> [HOW TO COMPLETE THIS TASK]:
Find the line holding "White sofa sitting" in the entries below. Give it again exactly, along with every line after it up to and including the line holding "551 Center St, Tracy, MN".

> [SOURCE INFORMATION]:
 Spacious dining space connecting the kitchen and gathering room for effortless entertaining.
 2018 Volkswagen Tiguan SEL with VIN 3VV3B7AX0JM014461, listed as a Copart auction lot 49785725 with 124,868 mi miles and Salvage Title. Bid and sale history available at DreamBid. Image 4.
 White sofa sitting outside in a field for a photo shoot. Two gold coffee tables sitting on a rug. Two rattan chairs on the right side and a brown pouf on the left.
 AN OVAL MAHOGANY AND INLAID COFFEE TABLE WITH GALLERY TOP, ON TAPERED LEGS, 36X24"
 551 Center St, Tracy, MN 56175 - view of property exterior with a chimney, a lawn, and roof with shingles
...
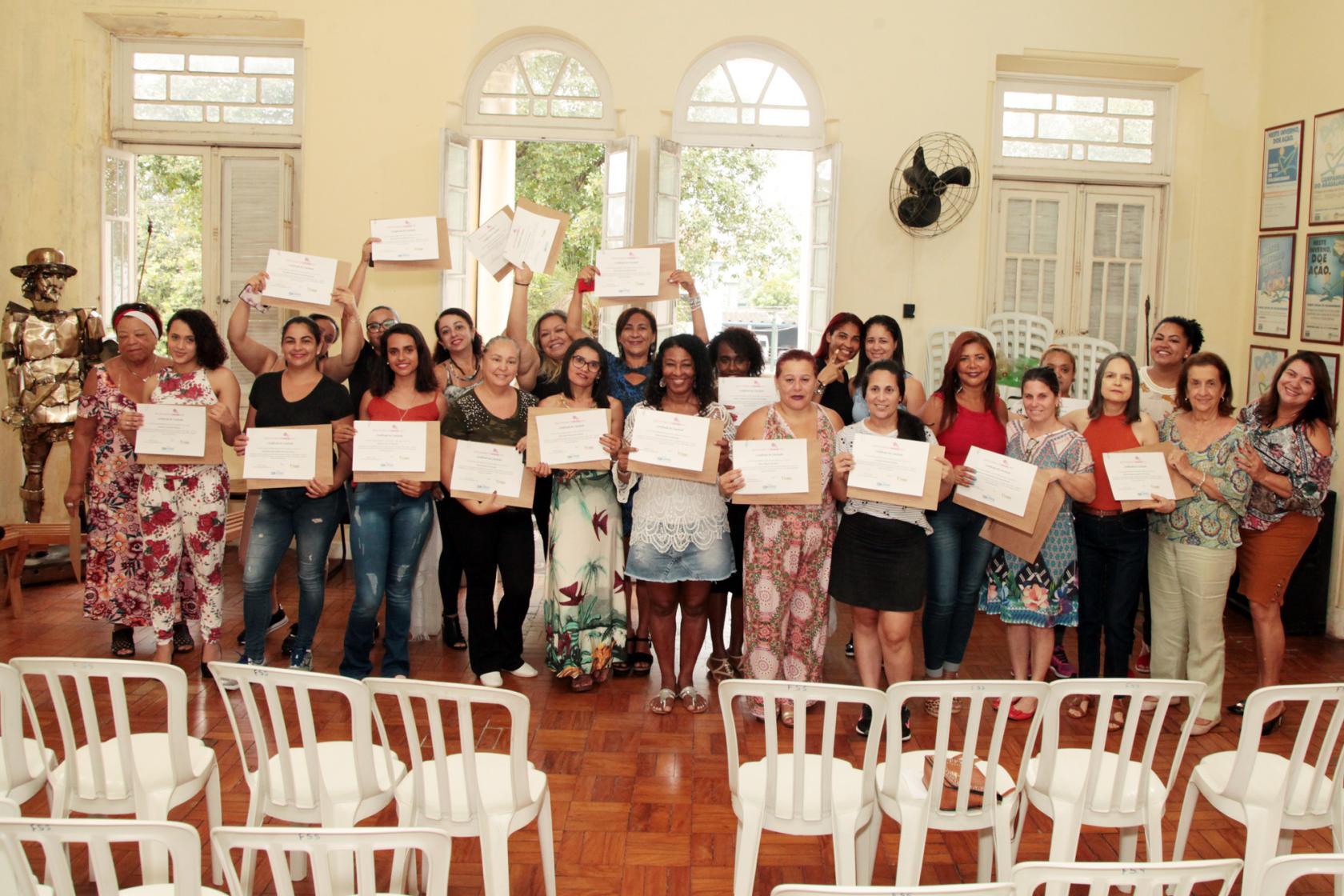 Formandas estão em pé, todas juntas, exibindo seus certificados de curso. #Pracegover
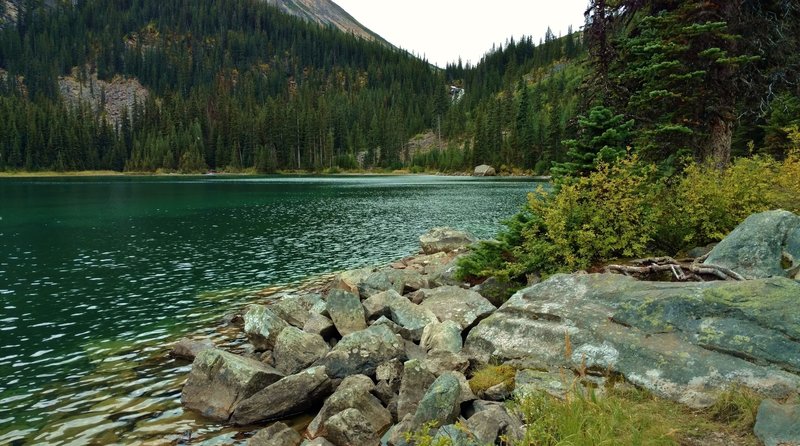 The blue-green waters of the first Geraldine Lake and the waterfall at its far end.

> [RESPONSE BELOW]:
 White sofa sitting outside in a field for a photo shoot. Two gold coffee tables sitting on a rug. Two rattan chairs on the right side and a brown pouf on the left.
 AN OVAL MAHOGANY AND INLAID COFFEE TABLE WITH GALLERY TOP, ON TAPERED LEGS, 36X24"
 551 Center St, Tracy, MN 56175 - view of property exterior with a chimney, a lawn, and roof with shingles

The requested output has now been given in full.